◆ Instructions to follow
Word for word, copy the line containing "Hotel Renaissance Castres" and every line after it in the records below, leaving pictures out.

◆ Provided entries
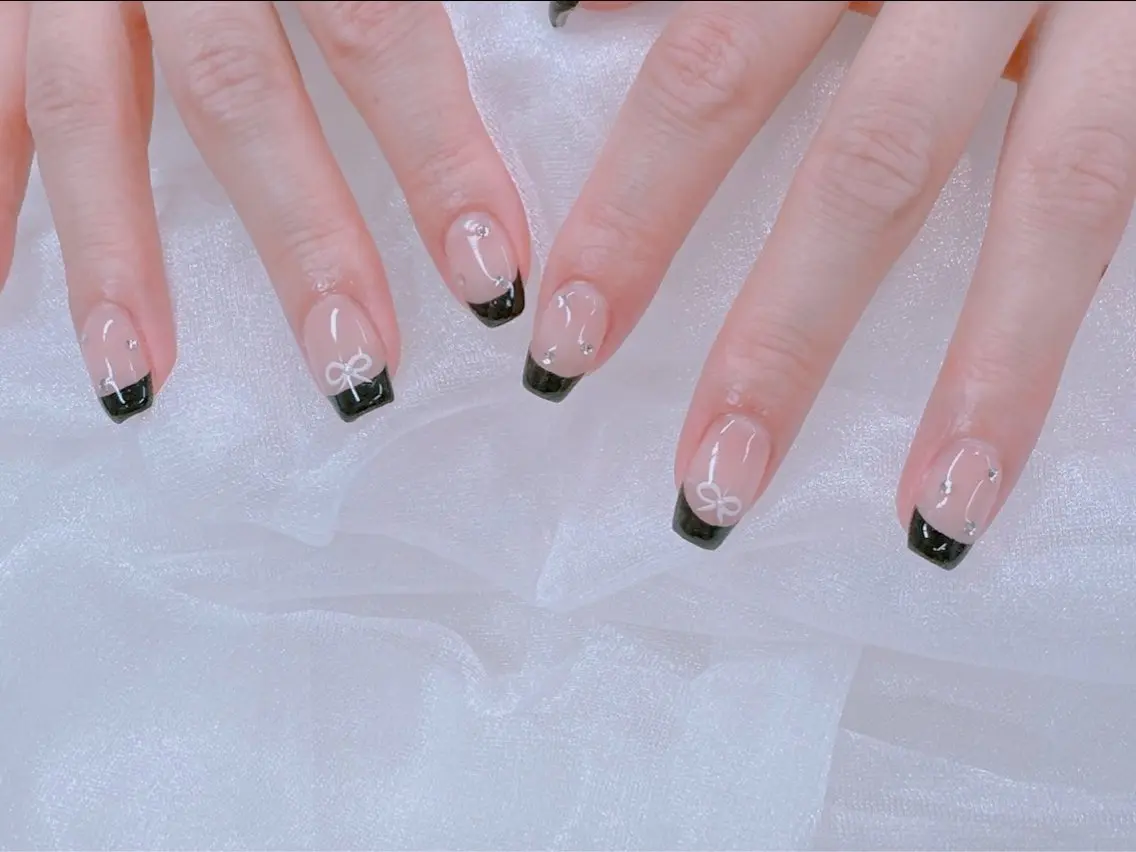 ハンド💅✨️フレンチorカラーグラデーション【オフ有】《パラジェル変更可能》ご新規様オフ無料の写真
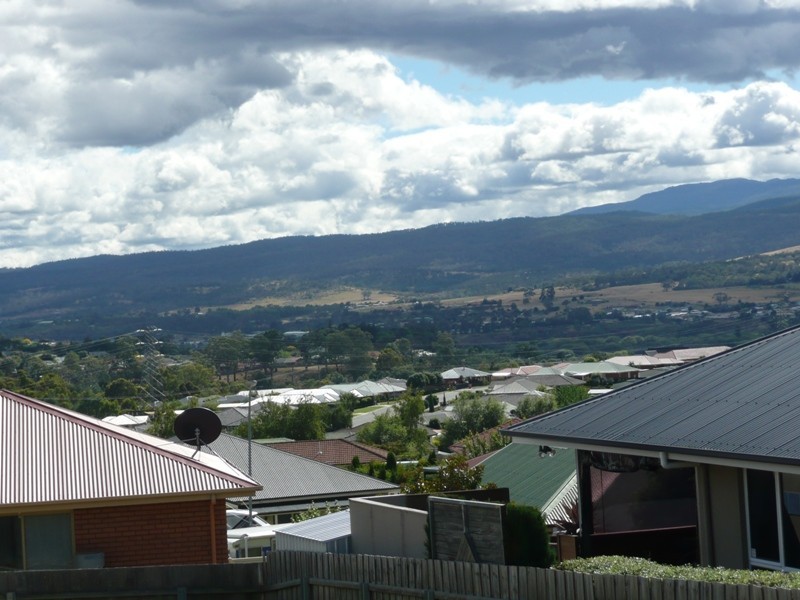 5 Dorothy Court, Youngtown TAS 7249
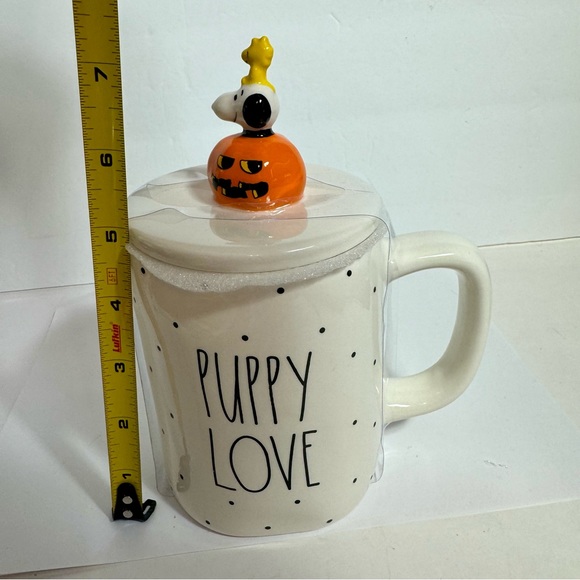 NWT. Peanuts Rae Dunn Snoopy “Puppy Love” Mug With Lid Halloween. Ceramic mug - Picture 7 of 8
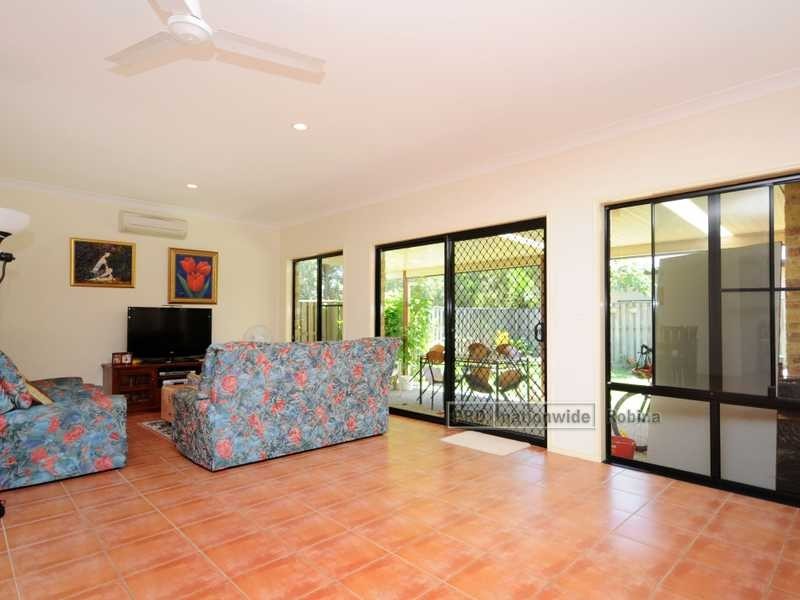 23 Imperia Crescent, Varsity Lakes QLD 4227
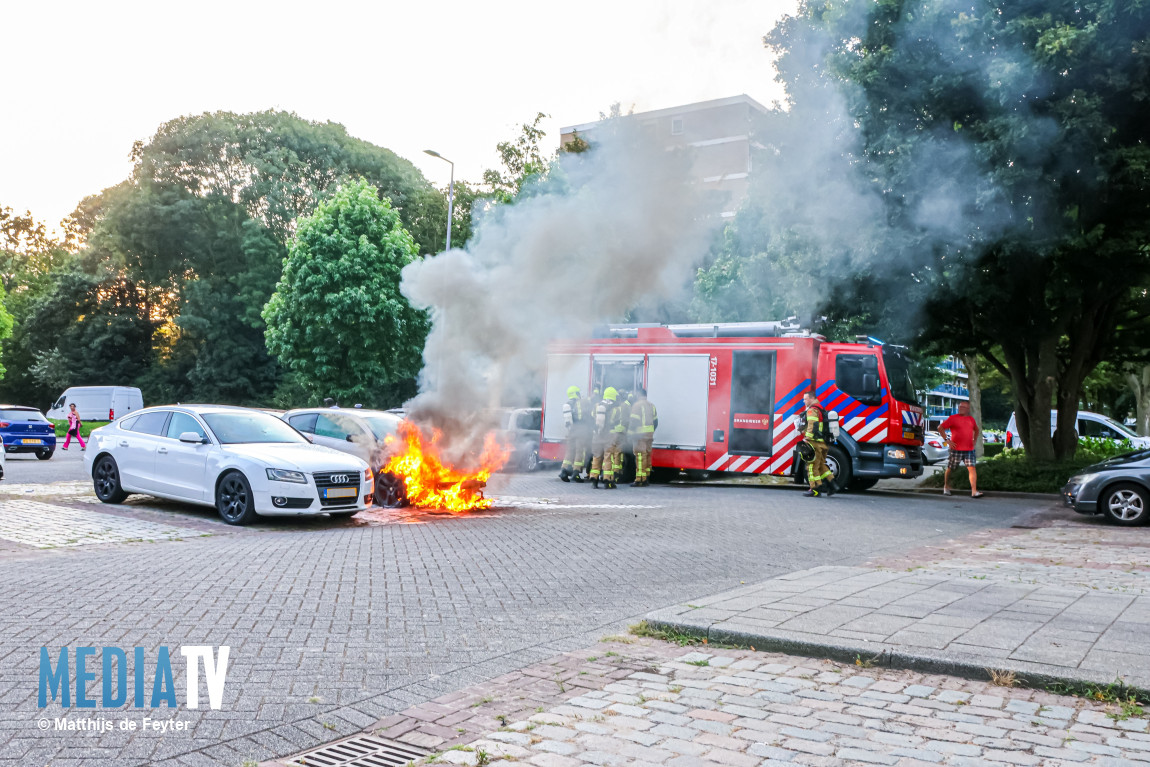 Auto uitgebrand aan de Dawesweg Rotterdam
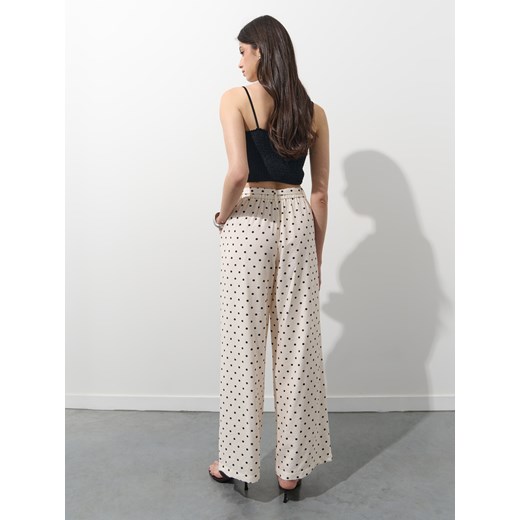 Mohito - Spodnie w grochy - kremowy Mohito 38 Mohito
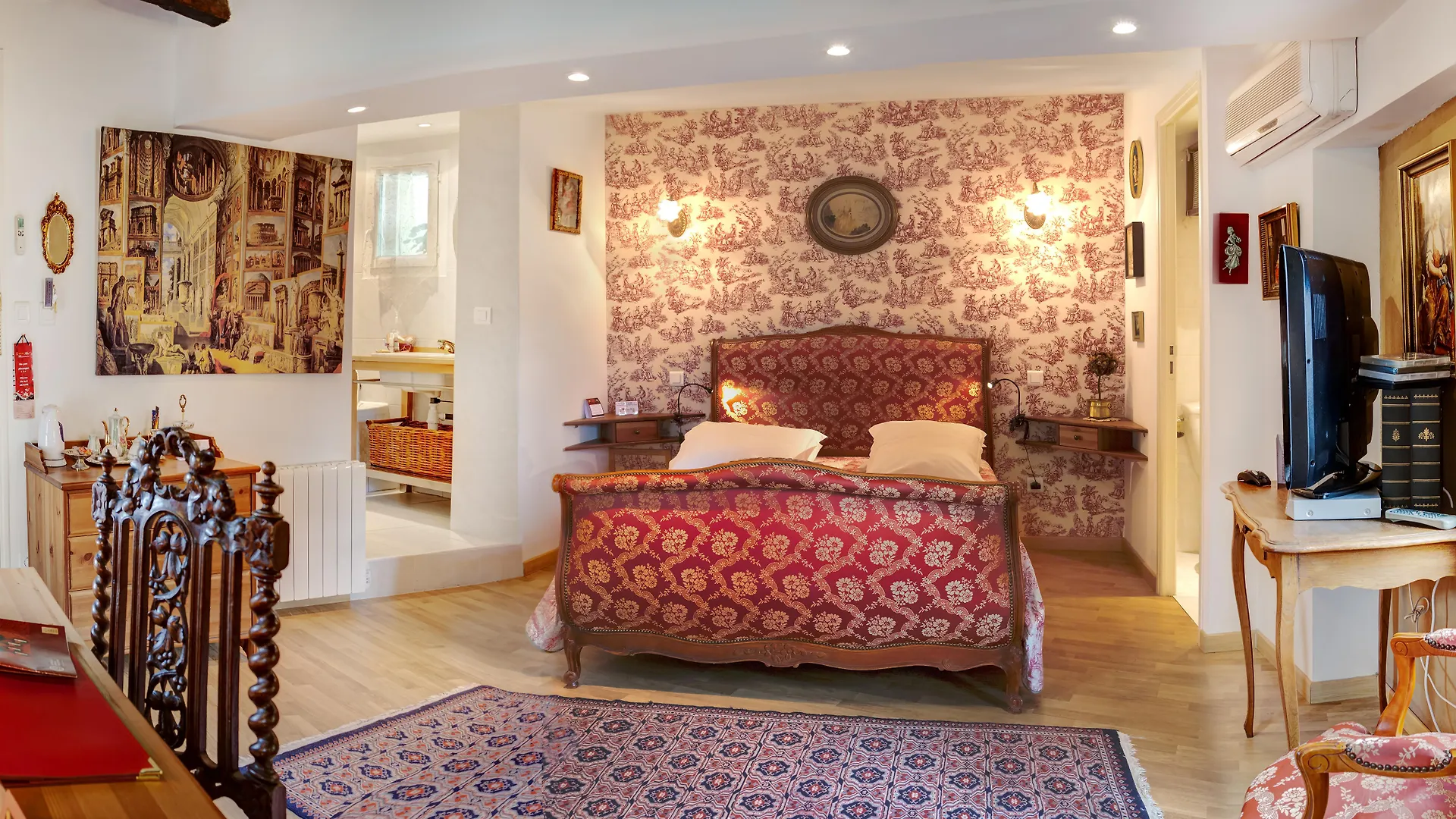 Hotel Renaissance Castres  4*, Castres (Tarn) France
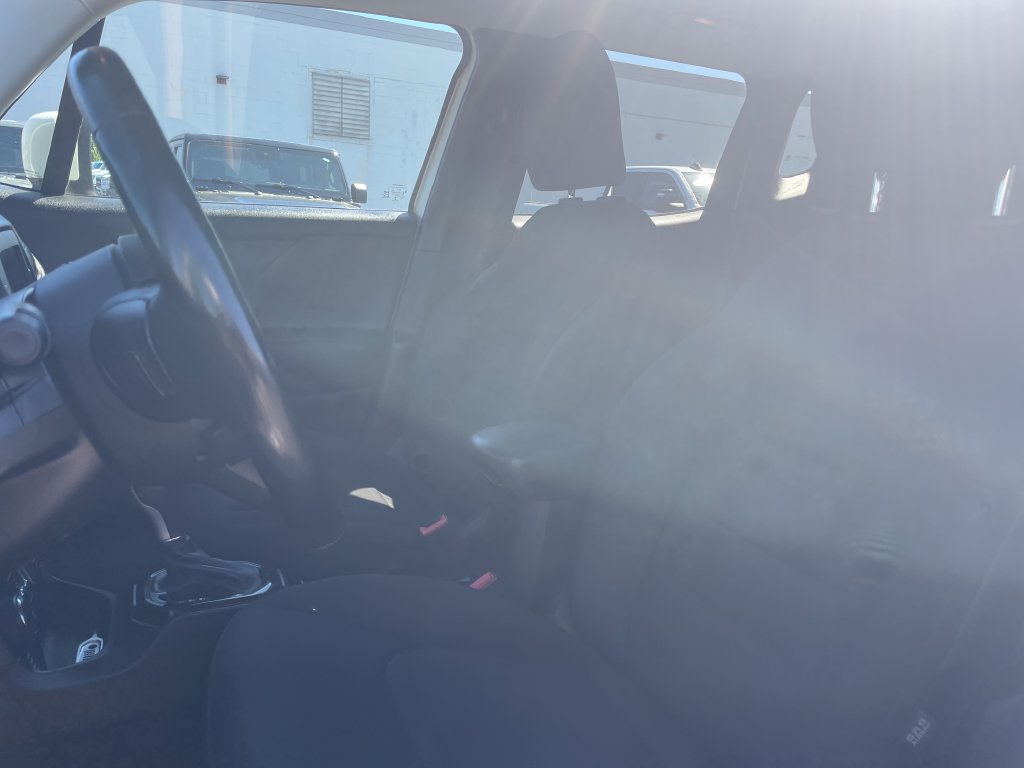 Certified 2017 Jeep Renegade Altitude AWD/4WD image 43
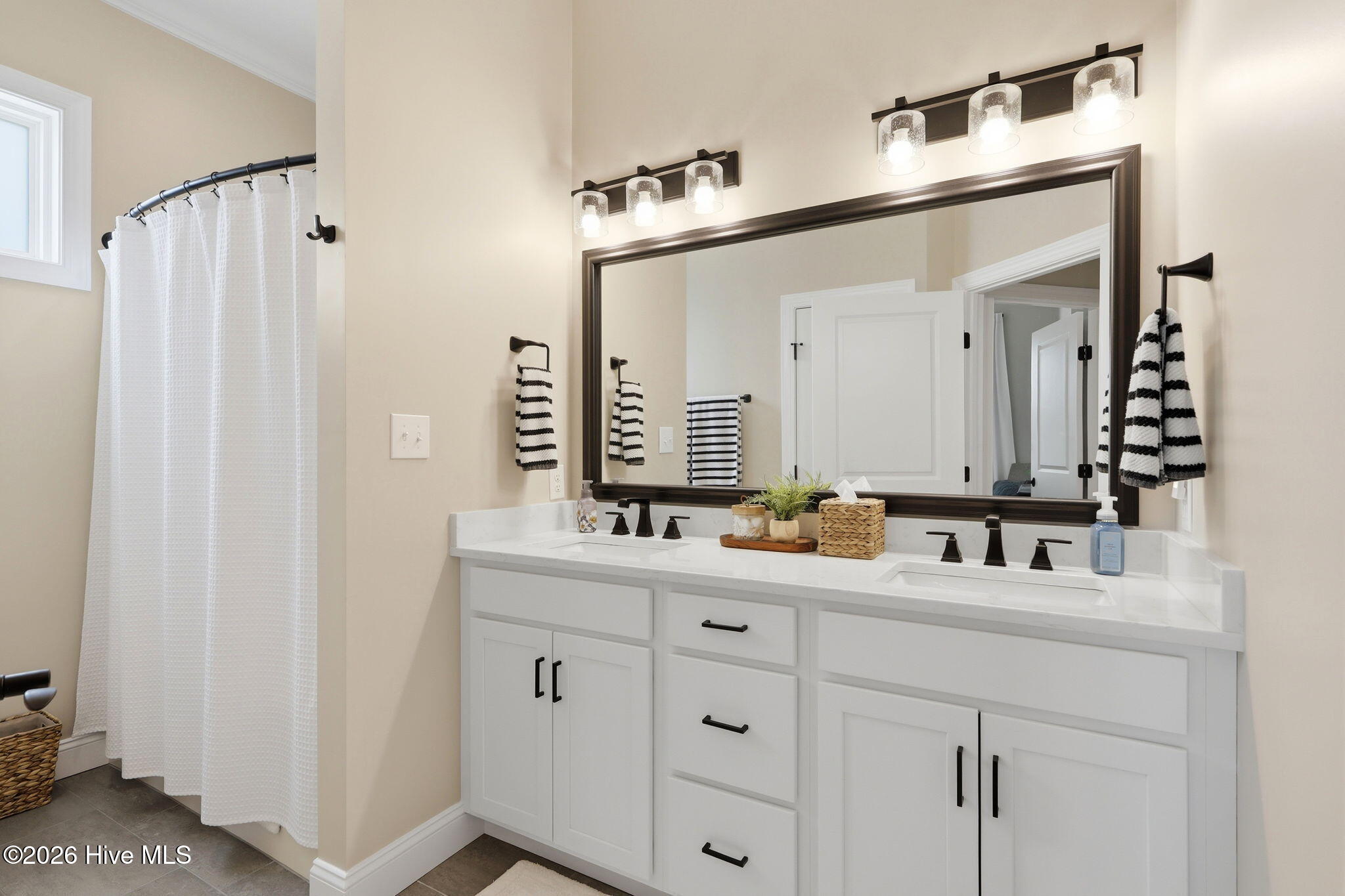 135 Gallants Point Road Property Photo 34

◆ Written response
 Hotel Renaissance Castres  4*, Castres (Tarn) France
 Certified 2017 Jeep Renegade Altitude AWD/4WD image 43
 135 Gallants Point Road Property Photo 34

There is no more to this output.